Değerli milletvekilleri, camilerde icra edilen dinî, kültürel ve sosyal muhtevalı görevlerin yerine getirilmesinde, vatanımızın her köşesinde ve yurt dışında en zor şartlarda bile olsa mesai kavramı tanımadan çalışan, insanlarımızla iç içe yaşayarak dertleriyle dertlenen, aralarında uzlaştırıcı ve bütünleştirici bir tutum sergileyen, sorumluluk bilincini hiçbir zaman kaybetmeyen din görevlilerimizin çok önemli bir payı vardır. İnsanların manevi ve moral değerlere hızla yöneldiği günümüzde din görevlilerimizin sorumlulukları da artmakta olup onlar da bu görevlerini saygı, sevgi, tutarlılık, şuur ve hassasiyet içerisinde yerine getirmektedirler. Bu durum görevde başarılı olmanın, toplumsal huzuru sağlamanın ve korumanın en tabii yolu olduğu kadar aynı zamanda dinimizin öngördüğü bir tebliğ metodudur.

Ülkemizin aydınlık dolu yarınlarının inşasında İslam dininin gerektirdiği davranışları benimseyip sergileyen, misyonuna sahip çıkarak gelişmeler ışığında vizyonunu oluşturan, görevlilik anlayışını gönüllülük anlayışına dönüştürerek çalışan din görevlilerine önemli hizmetler düştüğünü bir kez daha vurguluyor, gayretlerini takdir ve iftiharla izliyor, Camiler ve Din Görevlileri Haftası’nı kutluyor, emeği geçenlere minnet, ahirete göçenlere rahmet diliyoruz. Çünkü ülkemiz tarihinde millî mücadele yıllarındaki tablo, cumhuriyetin kuruluşundaki proje ve 15 Temmuz’da darbeciler tarafından tehdit ve darbedilme pahasına ezan okuyarak, sela vererek milletimizi moral ve motive etmeleri din görevlilerimizin toplumdaki sosyal yapılarını ortaya koyma açısından önemli olduğu gibi, bunlar ihtiyaç hâlinde onların başarılarını gösteren belge ve kanıtlardır.

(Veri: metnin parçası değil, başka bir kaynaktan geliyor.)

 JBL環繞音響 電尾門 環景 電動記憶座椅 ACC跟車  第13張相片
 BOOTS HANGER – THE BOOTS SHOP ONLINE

Bu duygularla yeniden 1438’inci hicri yılınızı ve muharrem ayınızı tebrik ediyor, Camiler ve Din Görevlileri Haftası’nı kutluyor, hepinizi saygıyla selamlıyorum. (AK PARTİ sıralarından alkışlar)

BAŞKAN – Teşekkür ederim.

Sayın milletvekilleri, bildiğiniz gibi, alınan karar gereğince, 15 sayın milletvekiline birer dakika yerlerinden söz vermekteydik, ortak kararımız buydu ama grup başkan vekillerinin istemine uygun olarak ve günün özelliğine de sığınarak bugün 25 sayın milletvekiline bulunduğu yerden birer dakika söz vereceğim.

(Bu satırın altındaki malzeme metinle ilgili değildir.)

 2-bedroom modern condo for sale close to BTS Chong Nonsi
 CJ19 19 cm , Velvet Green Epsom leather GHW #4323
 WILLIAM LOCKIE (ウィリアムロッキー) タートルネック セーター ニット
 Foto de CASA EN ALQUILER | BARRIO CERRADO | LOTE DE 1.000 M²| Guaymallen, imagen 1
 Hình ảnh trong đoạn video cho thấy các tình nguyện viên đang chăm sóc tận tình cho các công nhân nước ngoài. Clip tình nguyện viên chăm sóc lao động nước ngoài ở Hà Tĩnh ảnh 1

Sırasıyla söz vereceğim sayın milletvekillerinin isimlerini okuyorum: Sayın Aydın, Sayın Özkan, Sayın Akın, Sayın Altaca Kayışoğlu, Sayın Arık, Sayın Tuncer, Sayın Tanal, Sayın Şimşek, Sayın Özdiş, Sayın Adıgüzel, Sayın Taşkın, Sayın Akbaşoğlu, Sayın Şeker, Sayın Yıldırım, Sayın Yıldırım, Sayın Gürer, Sayın Özdemir, Sayın Arslan, Sayın Karadeniz, Sayın Hakverdi, Sayın Zeybek, Sayın Engin, Sayın Tümer, Sayın Yıldız ve Sayın Toğrul.

Daha sonra grup başkan vekillerine her zaman olduğu gibi yerlerinden söz vereceğim.

Sayın Aydın, sizinle başlıyoruz.

Buyurun.

V.- AÇIKLAMALAR

1.- Bursa Milletvekili Erkan Aydın’ın, 26’ncı Dönem İkinci Yasama Yılının Meclise başarılar getirmesini temenni ettiğine ve kanun hükmünde kararnameler için 4 partiden oluşan bir komisyon kurulmasını olumlu bir gelişme olarak gördüğüne ilişkin açıklaması

ERKAN AYDIN (Bursa) – Teşekkür ederim Sayın Başkan.

26’ncı Dönemin İkinci Yasama Yılının tüm Meclisimize başarılar getirmesini temenni ediyorum. Hükûmetin bu dönemde muhalefetin sesine daha fazla kulak vermesinin gerektiğini vurguluyorum.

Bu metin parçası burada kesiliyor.